We’re coming round to our annual assessment here at AoBBlog. Spurred by JSTOR Plants and their blog post on Social Media we’re sharing our thoughts. And if you have better thoughts we’d welcome them as a comment on this post.
In our case we have three social networks we target: Facebook, Twitter and Google+. Facebook and Twitter are easy to populate, we have auto-posting from the weblog to Facebook and Twitter so you don’t have to keep visiting here to see what’s new. Google+ has to be posted to manually. We’ve also played with Reddit, Stumbleupon and Pinterest over the past year. If you’d like to see what referrals we’ve had to this site from social media, here’s an animation of the past year:
Note that it’s a logarithmic scale horizontal scale for the number of visitors. This is because there was such a spike from Reddit that, if we had a linear scale, everything would appear to be stuck on the zero visitors axis, except for a quick flurry from Reddit in March. In fact you can see our year on Reddit below:
So what is happening here? It’s simply that without effort from us, one of posts briefly went viral on Reddit. This happened after I’d given up on Reddit. If you’re not familiar Reddit is a site where people submit links and people vote them up, down or ignore them. I’d been submitting some sites, not all AoB Blog posts, to Reddit. Because it’s an interest-based community I’d only picked links that I thought were interesting and I think they all pretty much sank without trace. I’d been also voting up other stories I’d found interesting, but not many. My conclusion here is that Reddit is a good source of traffic, but it needs special attention and it works best when you’re fully participating in Reddit. I don’t have the time to devote to that. In particular I think it’s best to focus on a good quality sub-reddit, a page that covers a specific subject. The quality of sub-reddits vary. Some are notorious for being stuffed with cranks, but I think that on the whole the Biological Sciences sub-reddits, including Botany are pretty sane. They’re also unpredictable. The spike you see happens in March. The post that got picked up was our Valentine’s Day post on Rainbow Roses. If we had someone who could contribute to Botany as a whole, and not just our posts, this could be a network worth investing time in.
The most favoured network for people who don’t do social media is Facebook. People have heard of Facebook, even if they don’t use it. We’re on Facebook at http://www.facebook.com/AnnalsOfBotany and you’re welcome to join us there.
I think everyone in the office now has a Facebook account of some sort, but I don’t know how many of us see it as a network for discussing professional matters. This is why we need a multiple network strategy. It’s not that one network is better than the others, it’s they they get used differently. For example for friends I use Facebook, for interests I use Google+, for following what new in blog posts I use Twitter and when I don’t want to be social in any way I use LinkedIn. But this is how I use networks, because that’s how they work best for me. For other people it works differently and we shouldn’t be in the business of telling people how they should use their networks. For Facebook we see some variation in use over the course of the year. In all the graphs below the visitor scale is linear, so the further right a dot goes the more visitors the blog is getting from a site. The vertical axis is pages viewed per visit, so the higher it goes the more of the site a visitor is browsing. Each dot on the trail marks the end of a month and we start on June 1:
What we see here is that there’s a very different use in September to November, February and March. In September what we had was a relatively high number of page views per visitor. Initially I thought this was high interest/engagement in the site but that might be a bad assumption. What we seem to see is people at the start of term looking around to see what the site offers and then hitting the site in numbers during term time. Now is this higher viewing, but lower pages per view signal with the spikes to the low right really a case of more visits and less engagement? Another possibility isn’t that people are less engaged, but are more familiar with the site, so they’re hitting what they want and moving on to the journal rather than wandering around trying to find something relevant.
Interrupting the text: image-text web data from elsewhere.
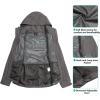 imageLittle Donkey Andy Womens Waterproof Rain Jacket with Hood Breathable Lightweight Windbreaker Rain Shell CoatA3grey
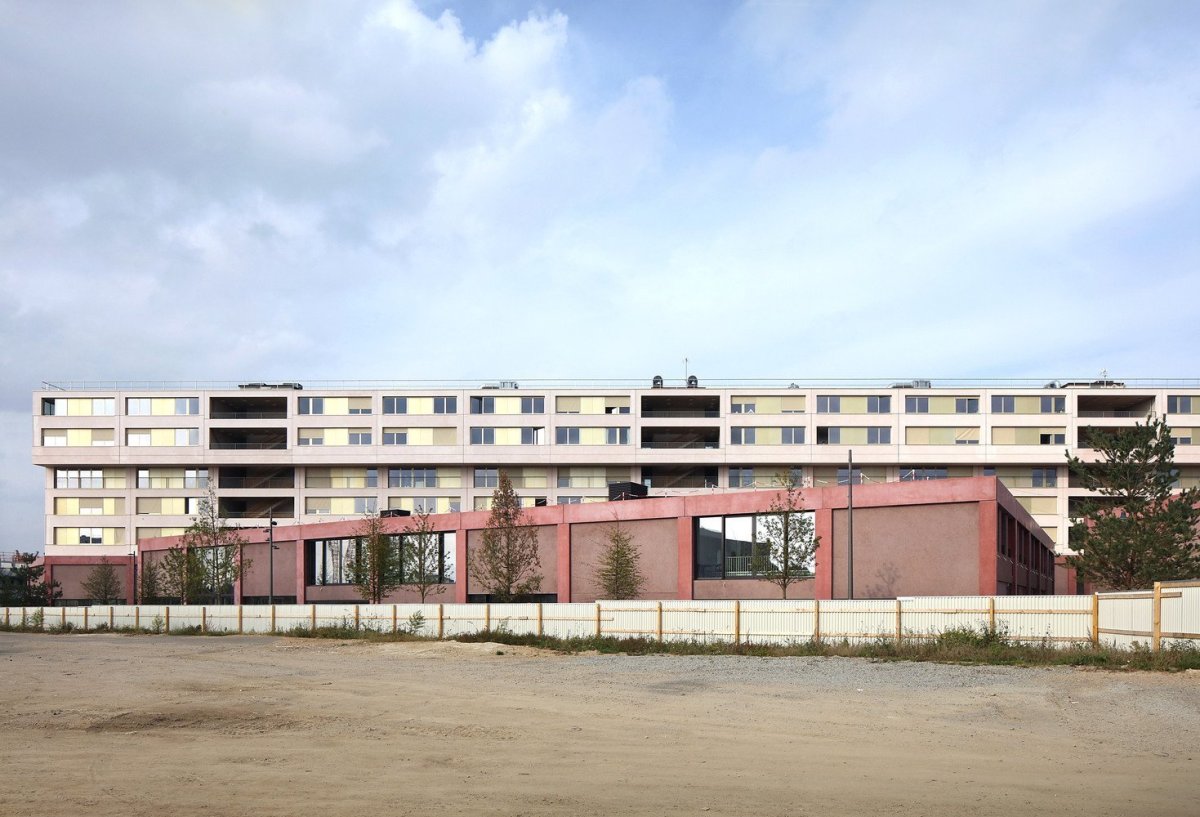 Vysokoškolské koleje Résidence Palaiseau ve Francii, studio 51N4E a Bourbouze & Graindorge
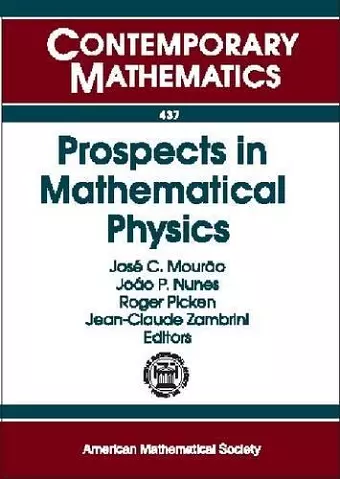 Prospects in Mathematical Physics cover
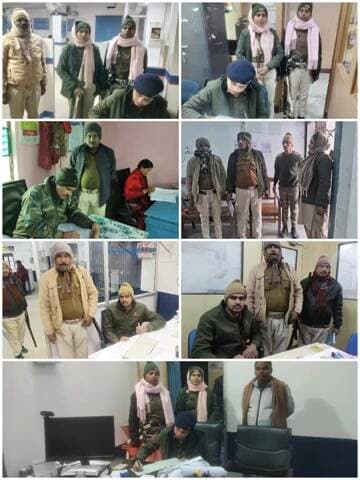 #कटिहार_पुलिस द्वारा बैंकिंग प्रतिष्ठानों /ATM में सुरक्षा-व्यवस्था सुनिश्चित करनें हेतू बैंकों की सुरक्षा जांच की जा रही है I
👉बैंक परिसर के अंदर एवं बाहर संदिग्ध पर निगरानी रखी जा रही है |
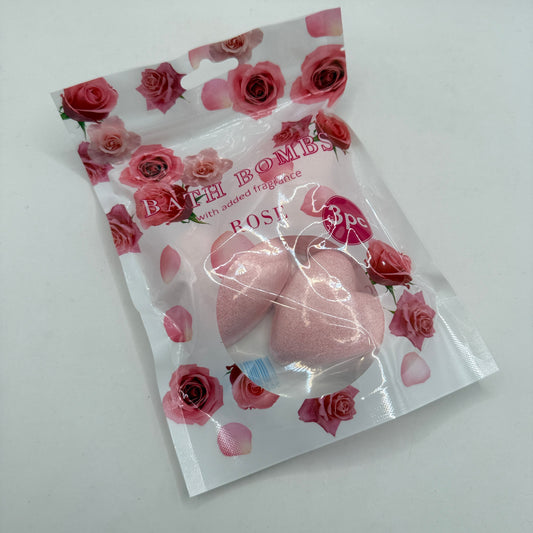 Rose Bath Bombs 3-Pack
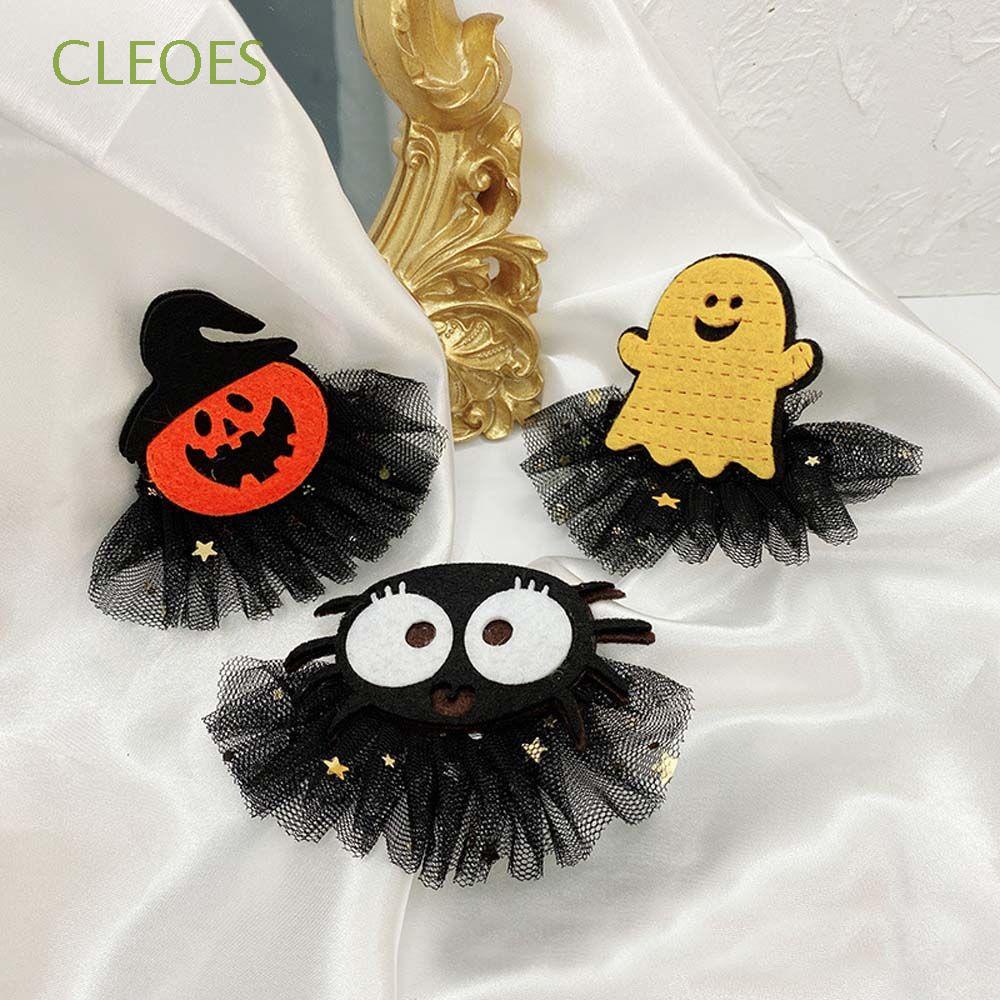 Kẹp Tóc Hình Bí Ngô Halloween Dễ Thương Cho Nữ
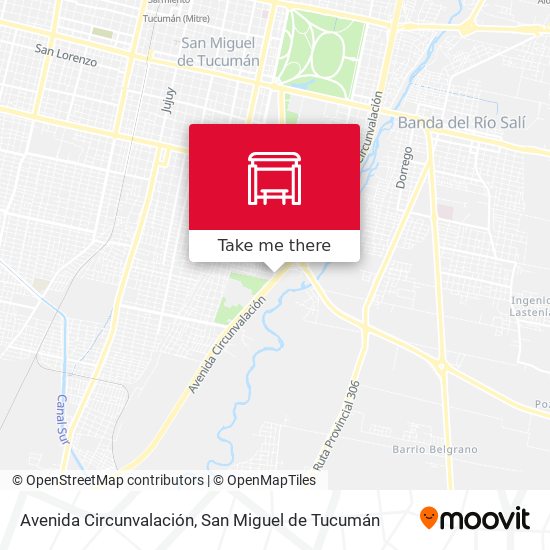 Mapa de Avenida Circunvalación
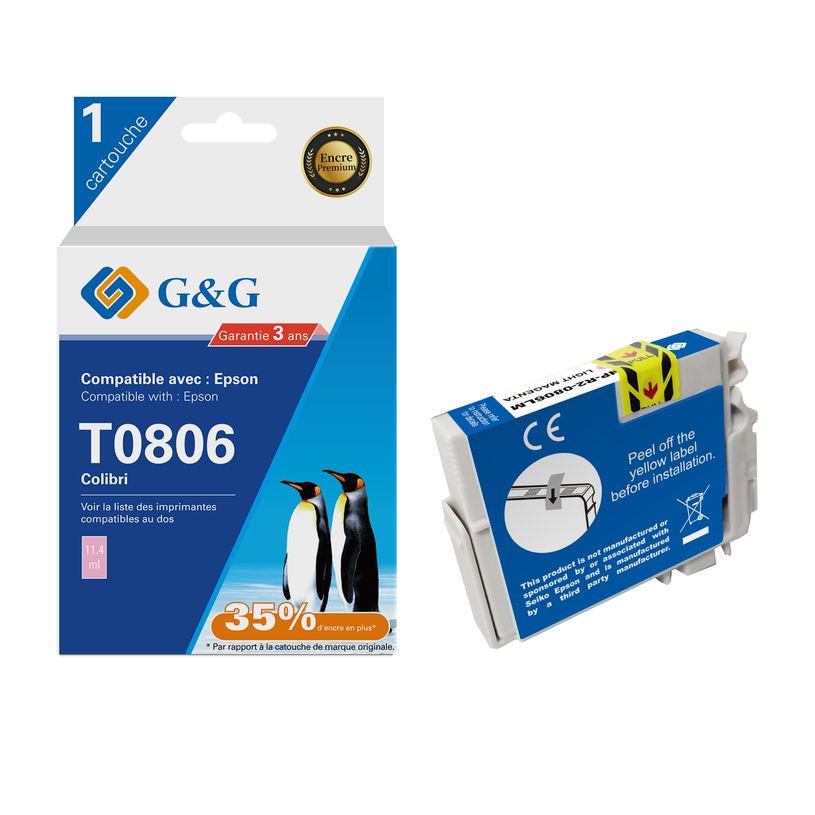 6937173406992-Cartouche compatible Epson T0806 Colibri - magenta clair - G&G-P_405242885_1-0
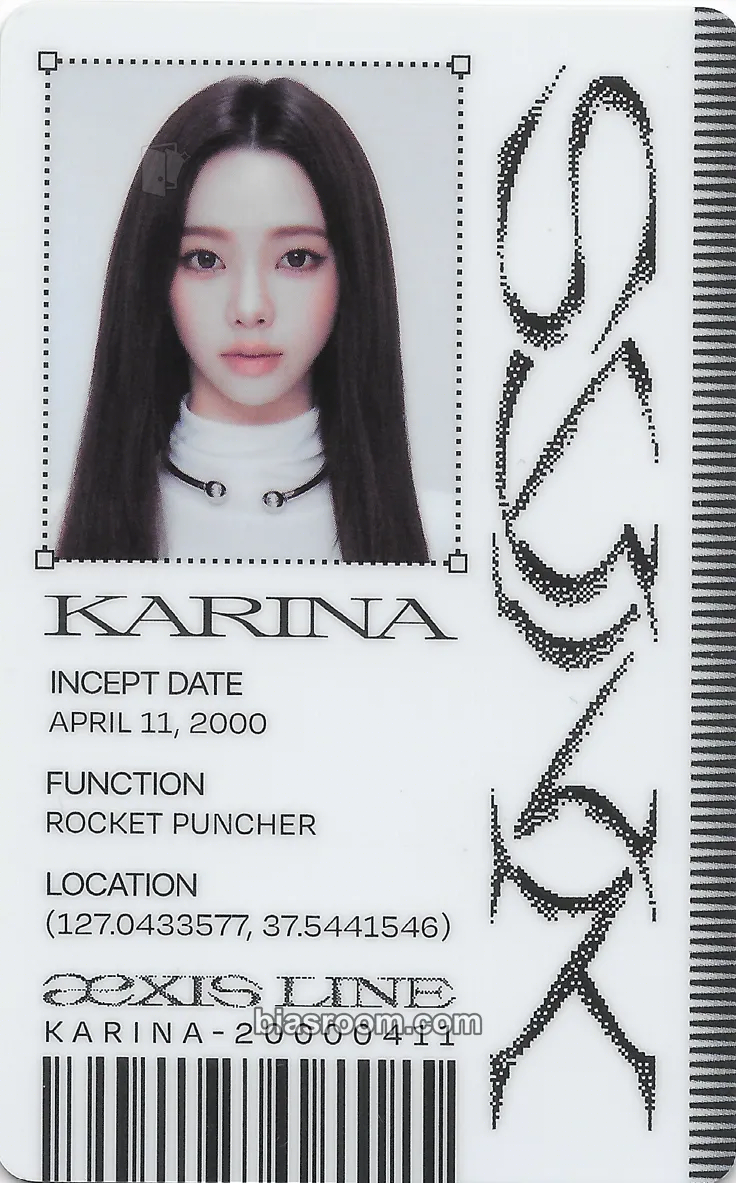 Karina SYNK : aeXIS LINE Photocard - aespa - aespa K-pop photocard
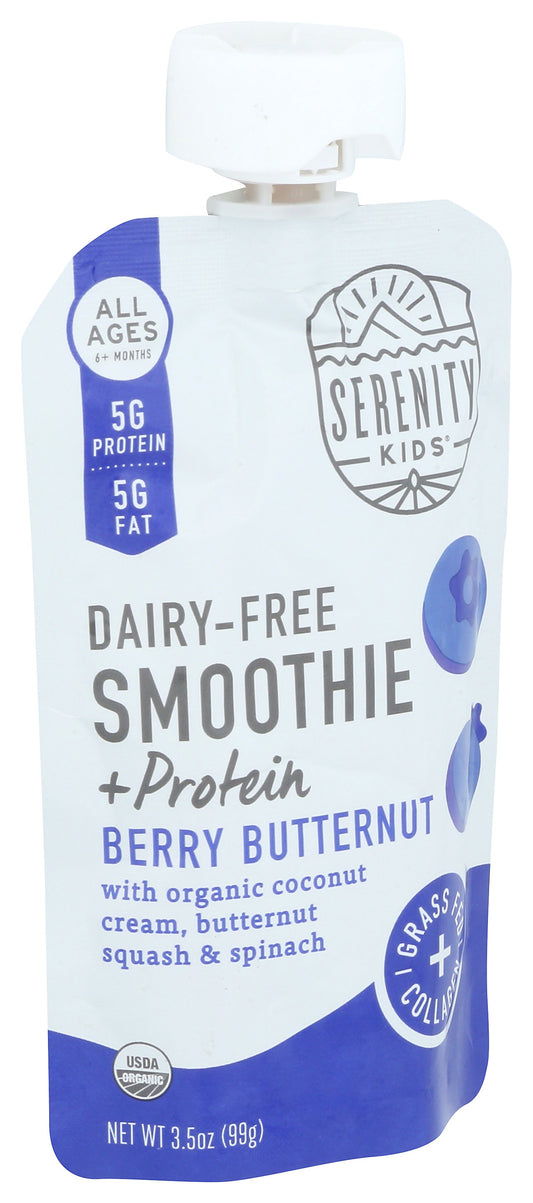 Serenity Kids smoothie pouch on white background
But it also might not be. What the graph doesn’t show is that we had a massive uptake in likes during October. A lot of the visitors for this period must be people who weren’t familiarising themselves with the blog in September. Taking this into account, it looks like the Facebook visitor is someone who has a specific target they’re interested in when they visit.
We probably see a similar pattern for Twitter. In the graph below the dots are all sites starting with ‘T’. This was the only way to get referrals from Twitter.com and t.co on to the same graph. During the past year Twitter phased out twitter.com and made t.co it’s referral service with short links. In the next year t.co should account for all Twitter referrals:
Posting to Twitter is a zero-effort task. Autoposting plugins mean that blog posts are tweeted when they’re published. The relatively low number of visits from Twitter is probably partly a reflection of this lack of effort. We did innovate with Twitter by covering tweets at IBC18 from a distance, which was a high-effort undertaking. There was positive feedback for this, and tweeting from other conferences through the annbot account would increase interest in the twitter feed, if not clicks-through. This does require people at conferences who are willing to tweet what is happening.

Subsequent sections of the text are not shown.